Первый отряд, встретившийся четырем посланцам, был тот, что находился под командованием Никлауса фон Шарнахталя; как только храбрый бургомистр узнал, что бой начался, он приказал своим солдатам ускорить шаг и пришел на помощь воинам Туна и Швица в ту самую минуту, когда бургундская армия, в свою очередь, двинулась вперед. Этот авангард, численность которого едва достигала четырех тысяч человек, тем не менее явно не желал казаться напуганным предстоящим столкновением с противником: в прекрасном боевом порядке, быстрым шагом, но сохраняя строй, он спустился на небольшую равнину, посреди которой возвышался картезианский монастырь Ланс; швейцарцы остановились у стен этого монастыря, а затем, когда послышалось пение монахов, отправлявших мессу, вонзили в землю свои копья, знамена и стяги, опустились на колени и, приняв участие в совершавшемся богослужении, которое для стольких людей должно было стать погребальной службой, начали молиться.

Поскольку в это время герцог находился на расстоянии полета стрелы от них, он неправильно понял их намерения и, встав перед расположением своего войска, воскликнул:

– Клянусь святым Георгием, эти канальи просят пощады!.. Канониры, огонь по этим мерзавцам!..

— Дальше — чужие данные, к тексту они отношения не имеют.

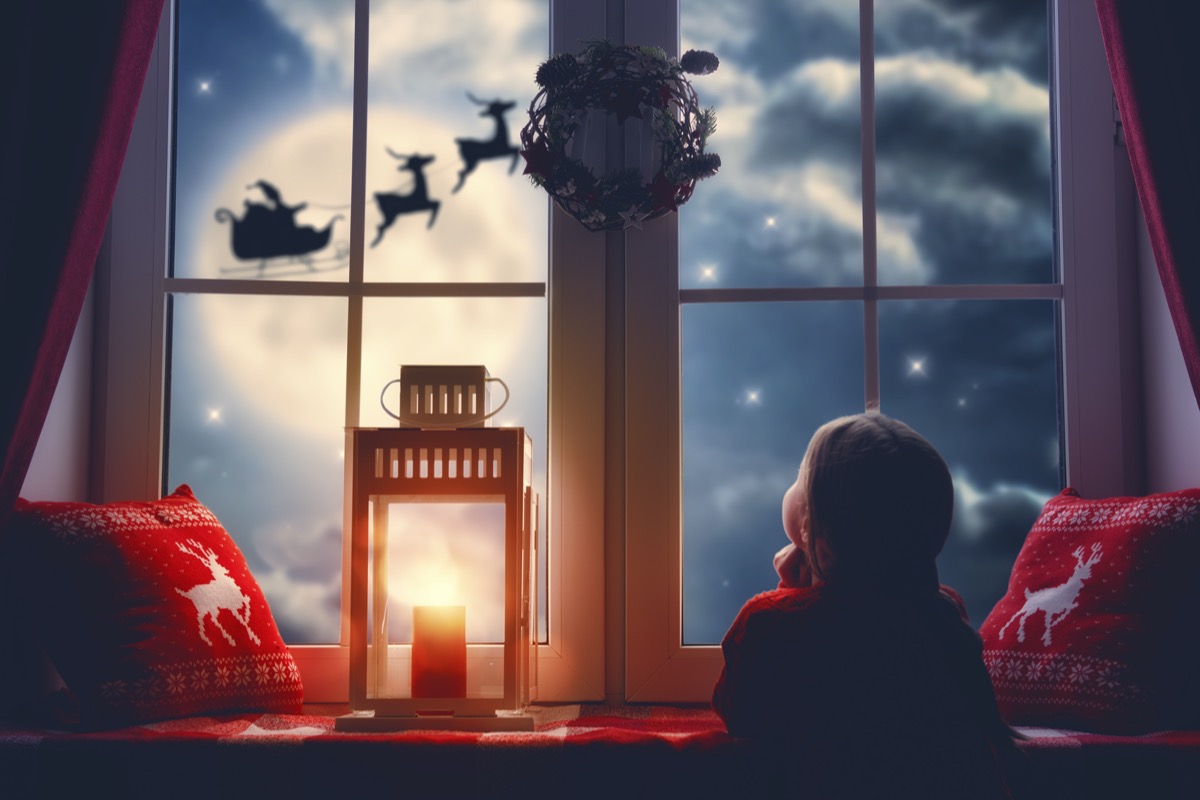 Little girl staring outside her window at Santa's sleigh and reindeer in the sky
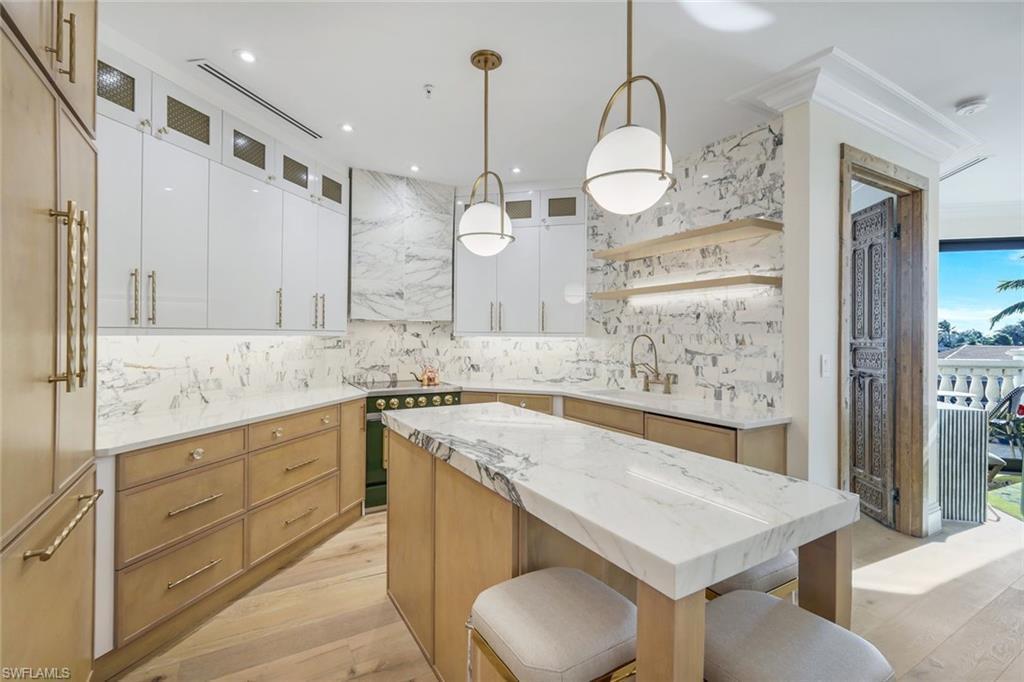Kitchen project with warm wood and white cabinetry, marble-patterned surfaces, a central island and globe pendant lights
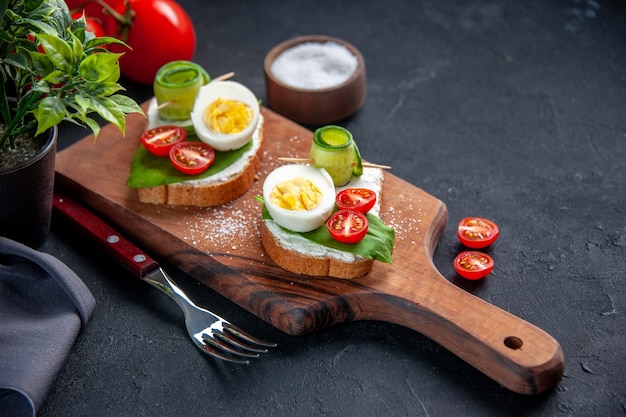 front view delicious sandwiches with tomatoes cucumbers and eggs on cutting board dark background burger food snack breakfast toast meal lunch sandwich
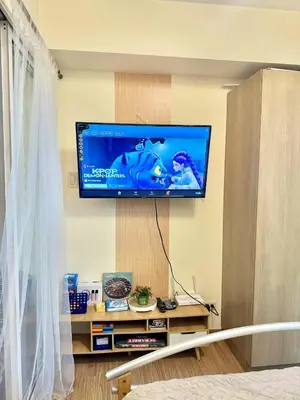 a living room with a flat screen tv on a wall at Aesthetic Beach View Unit in Azure Parañaque in Manila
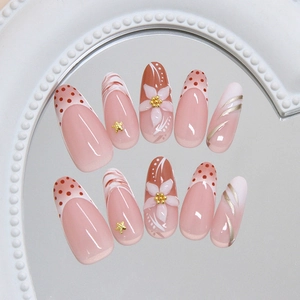 Handmade oval press-on nails with pink base, red dots, floral patterns and gold stars
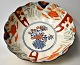 Imari bowl in 
porcelain, 19th 
century Japan. 
Polychrome 
decorated. 
Ruffled edge. 
Unstamped. H.: 
...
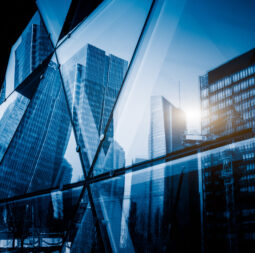 View,Of,A,Modern,Glass,Skyscraper,Reflecting,The,Buildings,Around,blue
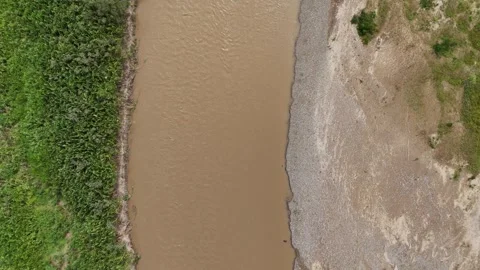 Top down aerial tracking of turbid river with green vegetation. Stock Footage 340515046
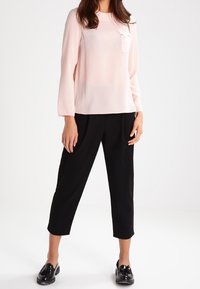 Light pink long-sleeve top with a pocket and black cropped trousers. The outfit features smooth textures and black glossy shoes.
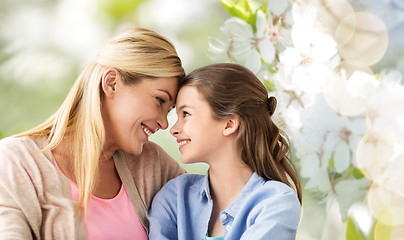 Image showing happy mother and daughter over cherry blossom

В ту же секунду канониры выполнили приказ: раздался грохот выстрелов, бургундскую армию окутал дым, и посланцы смерти начали прочесывать ряды коленопреклоненных солдат Лиги, но они, несмотря на то, что многие из их родных и друзей, окровавленные и покалеченные, полегли рядом с ними, продолжали молиться. В это мгновение монастырский колокол возвестил о возношении Святых даров; швейцарская армия склонилась еще ниже, ибо каждый воин каялся в своих грехах и просил Небеса помиловать его. Герцог Бургундский, совершенно не понимая такого смирения, приказал выстрелить во второй раз; канониры подчинились, и каменные ядра снова оставили борозды в рядах набожных солдат, полагавших, что те, кто будет убит в такую минуту, больше помогут им на Небе своей молитвой, чем могли бы помочь на земле своим оружием.

Однако на этот раз, когда ветер разогнал дым, герцог увидел, что швейцарцы уже поднялись с колен и приближаются к нему, ибо месса завершилась.

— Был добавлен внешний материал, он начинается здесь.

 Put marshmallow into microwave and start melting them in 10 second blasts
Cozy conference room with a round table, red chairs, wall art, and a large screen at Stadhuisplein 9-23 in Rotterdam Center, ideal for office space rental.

Они шли быстрым шагом, образовав три батальона, выстроившихся в каре и ощетинившихся копьями; в промежутках между этими батальонами, с той же скоростью, двигались артиллерийские орудия, стрелявшие прямо на ходу; крылья же этого огромного дракона, с грохотом изрыгающего молнии и дым, состояли из легковооруженных солдат под командованием Феликса Шварцмурера и Германа фон Мюлинена, и с одной стороны касались горы, а с другой простирались до озера.

Герцог Бургундский призвал своего знаменосца, поставил его перед собой, надел на голову золотой шлем с короной, украшенной бриллиантами, и, решив поразить противника прямо в лоб, двинулся на средний батальон, находившийся под командованием Никлауса фон Шар-нахталя; сир де Шатель-Гийон атаковал левый батальон, а Луи д’Эмери – правый.

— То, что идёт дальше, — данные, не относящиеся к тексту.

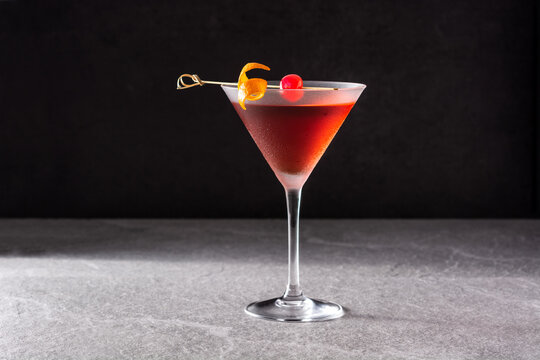 traditional manhattan cocktail with cherry on gray stone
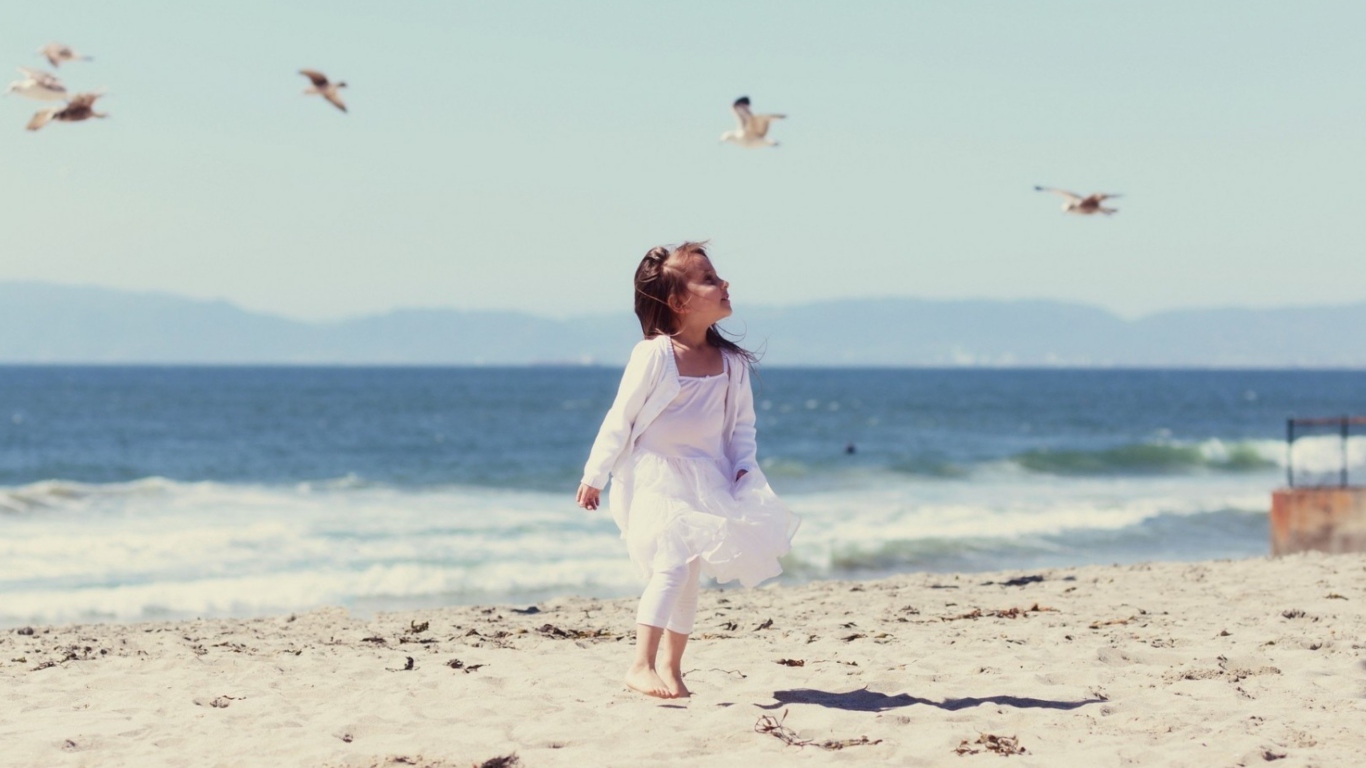 Little Girl And Seagulls On Beach screenshot #1 1366x768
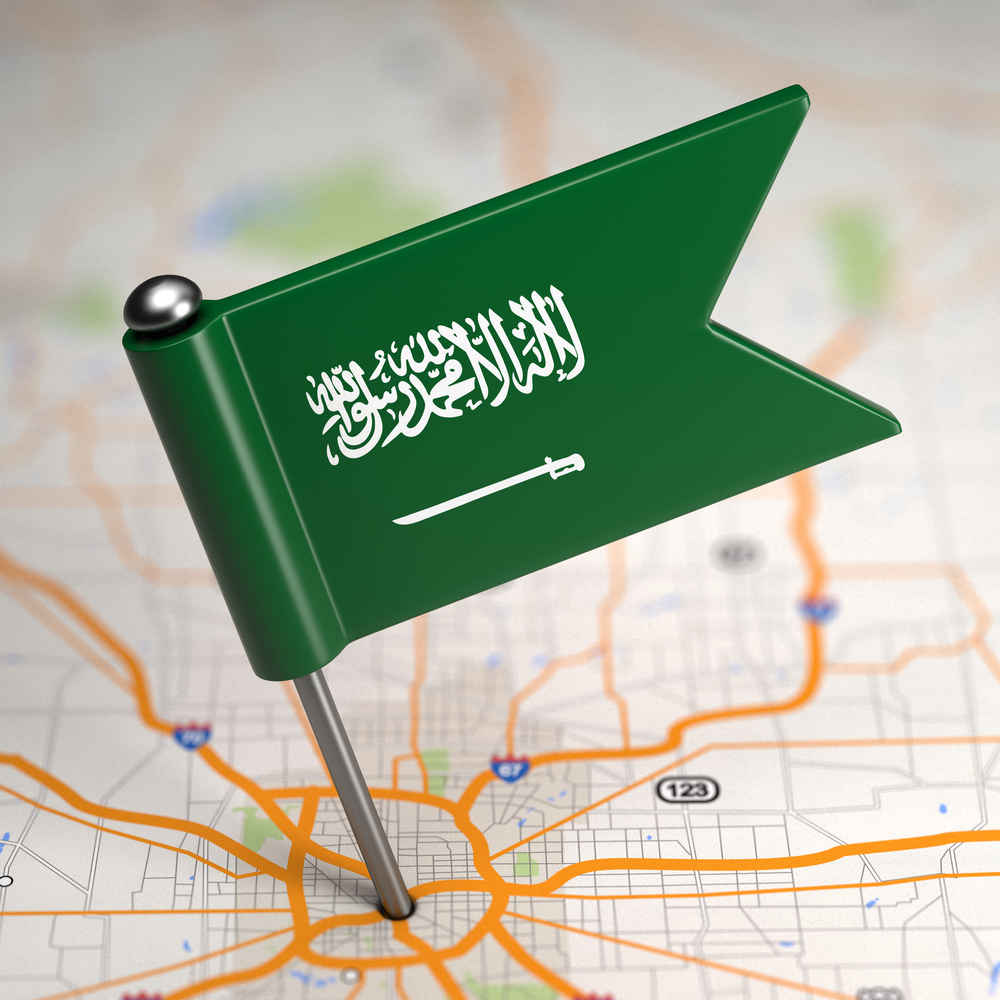 Small Flag of Saudi Arabia on a Map Background with Selective Focus.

Герцог Бургундский так неосмотрительно выдвинулся вперед, что с ним остался лишь его авангард, но, по правде говоря, этот авангард представлял собой отборную часть его кавалерии, и потому удар оказался страшным.

Завязалась короткая рукопашная схватка, во время которой ничего нельзя было разглядеть; артиллерия уже не палила, ибо канониры не могли отличить друзей от врагов; герцог Бургундский и Никлаус фон Шарнахталь встретились лицом к лицу: бургундский лев и бернский медведь; ни тот, ни другой не отступили ни на шаг, и два воинских отряда словно застыли на месте.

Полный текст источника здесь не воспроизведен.